Remember, NCAA can't stop realignment

Yesterday, as my roommates and I commiserated about the big conference realignment news, my buddy Paul -- who was furious at the idea of losing the Big East tournament in Madison Square Garden -- came up with an anti-realignment idea: Why doesn't the NCAA stop them?

"They need to step in," Paul said. "Someone has to do something about this."

The answer, I quickly pointed out, was that the NCAA had no power to do so. But it actually bears repeating, because I'm not sure how many casual college sports fans realize this fact: You can criticize the NCAA for plenty of things. Widespread conference realignment is not one of them.

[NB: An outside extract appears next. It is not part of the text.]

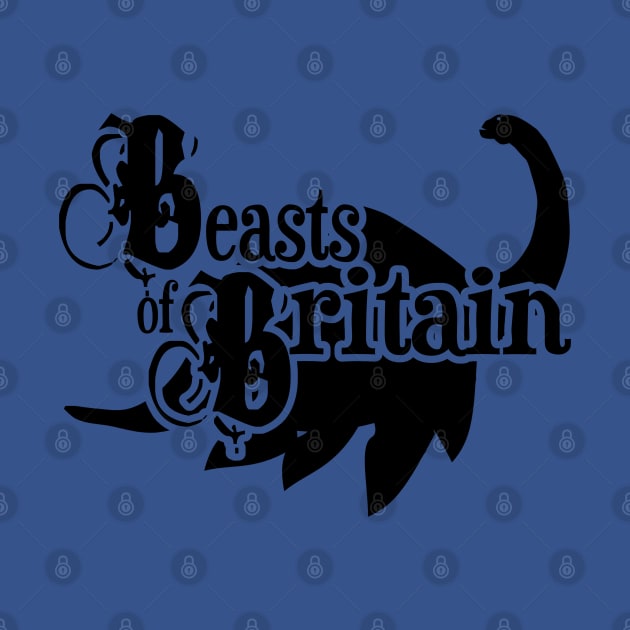 Beasts of Britain  -Nessie Logo -  Black by SUNKENNAUTILUS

Turns out, NCAA president Mark Emmert actually answered this question to Andy Katz yesterday, and his explanation serves as a helpful of the forces at work here:

"I've been talking to commissioners and presidents and helping to try to keep people focused on the picture and reminding people at the end of the day we're talking about student-athletes and I think the institutions are being as thoughtful as they can on this," Emmert said by phone from the NCAA headquarters in Indianapolis. "We don't have a formal role in any conference configurations. The presidents have always had that and always will. As a former university president (at Washington) I know that."

"All of the authority in the NCAA comes from the membership," Emmert said. "The members have never given the NCAA the authority over conference configuration and they're unlikely to ever do that. That is an individual institutional decision and they guard that zealously."

In other words, if you're upset about conference realignment, don't blame the NCAA. There is not a big red button Emmert can push. He can't make an angry phone call to set things right. He can't stop a move that would kill a conference or leave a handful of teams flailing in the storm. He really can't do much of anything.

Like the rest of us, Emmert is sitting and watching and hoping everything works out for the best. Sure, he's "talking" with commissioners and presidents, but he's only just talking. The NCAA membership is never going to give the NCAA president control over its individuals' abilities to change leagues. It's just never going to happen.

Like it or not, realignment is a runaway train, and there's no single conductor able to punch the brakes. This is the reality. We might as well get used to it.